[PROBLEM DETAILS] Span requested from the data below: the line with "Pair of vintage" through the line with "Close up of", both included. Give only these lines again, exactly, and leave every picture out.

[EXERCISE MATERIALS]
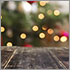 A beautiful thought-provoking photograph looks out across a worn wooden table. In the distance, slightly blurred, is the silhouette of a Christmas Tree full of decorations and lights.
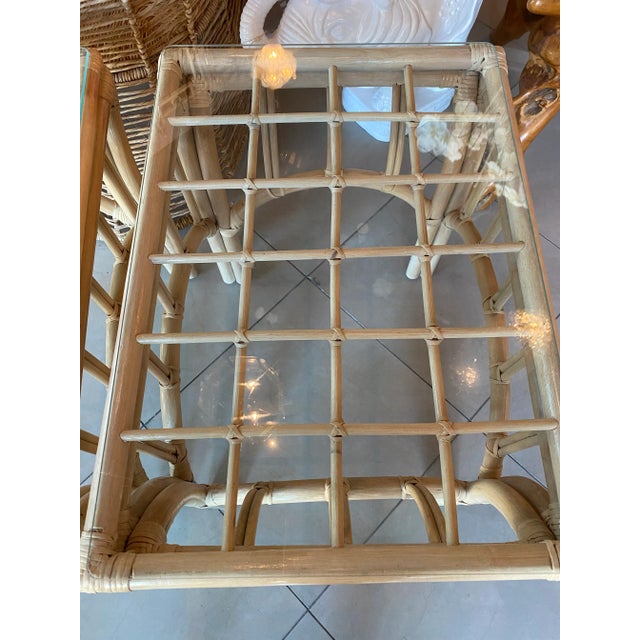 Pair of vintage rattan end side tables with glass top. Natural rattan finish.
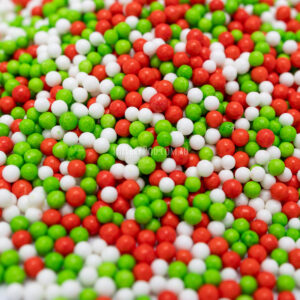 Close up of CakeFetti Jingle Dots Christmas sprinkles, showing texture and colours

==

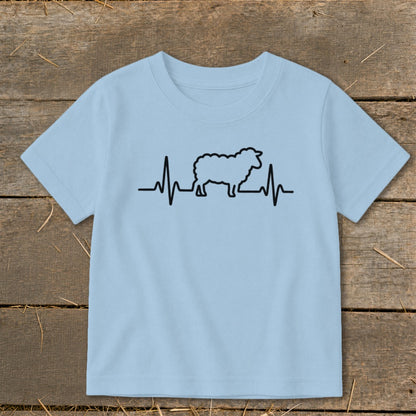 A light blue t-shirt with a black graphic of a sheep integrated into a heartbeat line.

---

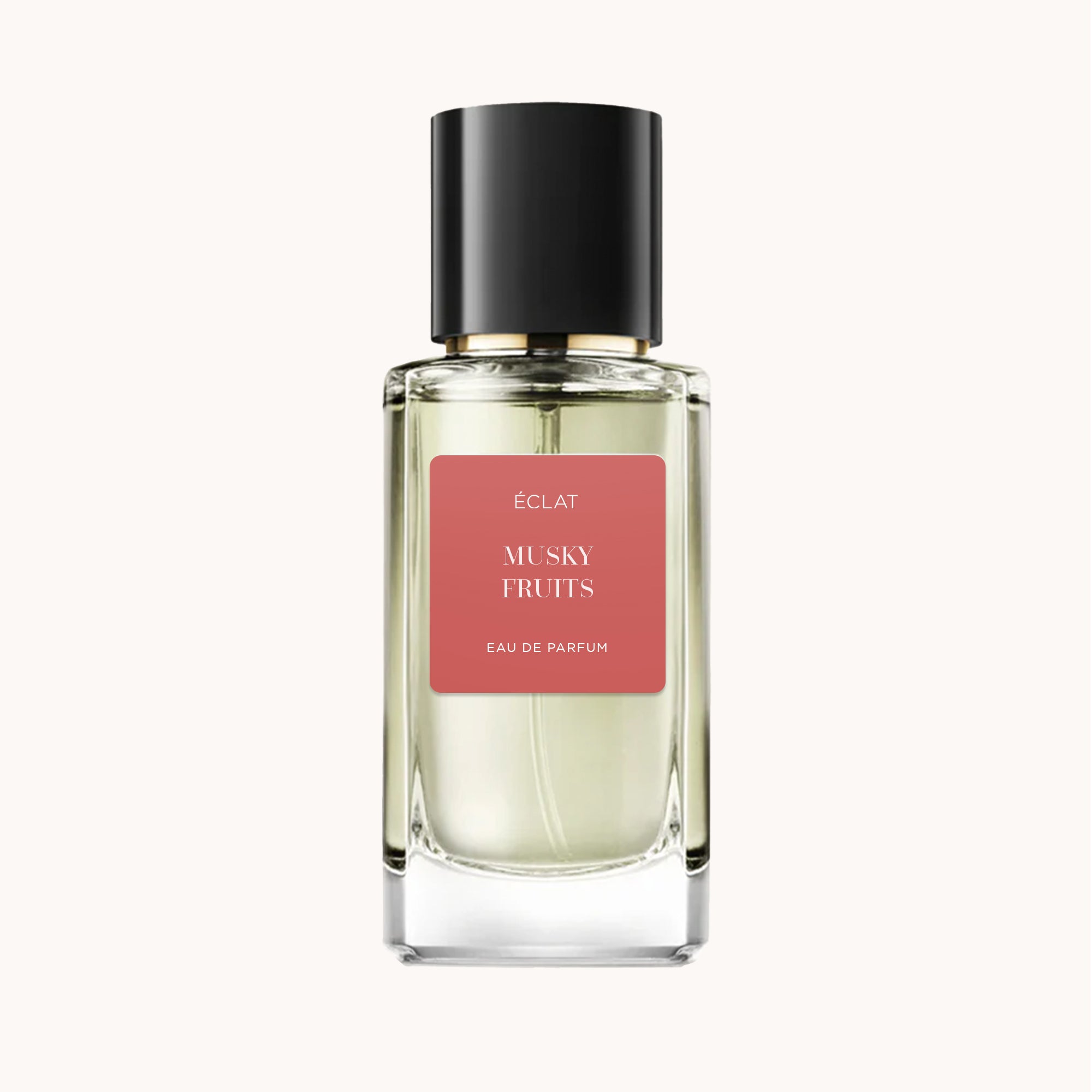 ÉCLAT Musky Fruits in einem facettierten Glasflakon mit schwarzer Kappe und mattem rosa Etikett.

[PROBLEM SOLUTION]
 Pair of vintage rattan end side tables with glass top. Natural rattan finish.
 Close up of CakeFetti Jingle Dots Christmas sprinkles, showing texture and colours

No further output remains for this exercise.